Mike Schmidt Lamenting How Baseball Became All About Home Runs is Kind of Strange

New York Yankees v Philadelphia Phillies
New York Yankees v Philadelphia Phillies / Ronald C. Modra/Getty Images

Mike Schmidt was a god for the Philadelphia Phillies throughout the 1970s and 80s, manning the hot corner throughout a brilliant career that landed him in the Hall of Fame.

Understandably, he sees the game through the lens of the era in which he played, and in a new article he penned for the AP, he detailed why he's having a problem accepting the fact that so many more home runs are being hit these days than ever before.

In the short op-ed, Schmidt laments about how the game has lost the stickball mentality now that bunts, steals, and hit-and-runs are becoming rarer and swinging for the fences becomes seemingly the sole directive.

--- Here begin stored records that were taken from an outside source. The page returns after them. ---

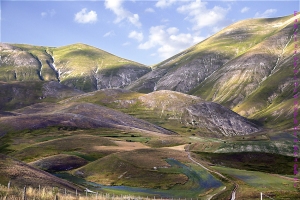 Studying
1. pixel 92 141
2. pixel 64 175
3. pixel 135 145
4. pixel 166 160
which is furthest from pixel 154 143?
pixel 64 175

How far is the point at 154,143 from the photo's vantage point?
17312 centimetres

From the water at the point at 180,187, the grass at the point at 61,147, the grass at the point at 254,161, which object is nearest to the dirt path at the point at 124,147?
the grass at the point at 61,147

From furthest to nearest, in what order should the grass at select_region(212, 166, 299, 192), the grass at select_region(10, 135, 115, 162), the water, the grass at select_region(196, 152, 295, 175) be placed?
1. the grass at select_region(10, 135, 115, 162)
2. the grass at select_region(196, 152, 295, 175)
3. the water
4. the grass at select_region(212, 166, 299, 192)

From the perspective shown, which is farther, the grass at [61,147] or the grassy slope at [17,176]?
the grass at [61,147]

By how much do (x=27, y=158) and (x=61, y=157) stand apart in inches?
620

There's only one problem: Schmidt himself hit 548 home runs throughout his 18-year career. He wasn't exactly Ichiro or Rod Carew out there.

It seems a bit funny that Schmidt is complaining about the overwhelming rate of home runs in today's game when he was known for hitting plenty of dingers himself while claiming an unspectacular .267 career batting average.

Schmidt complaining about an increase in home runs at the expense of more careful strategizing is one thing, but that doesn't mean he wasn't a beneficiary of the power game in baseball, nor does it mean that he contributed so frequently to the aspects of the game that he misses so dearly.

Maybe he feels bad that players who can hit a baseball a country mile aren't as rare as they used to be while he was playing. Either way, he sure is an interesting candidate for taking up this fight.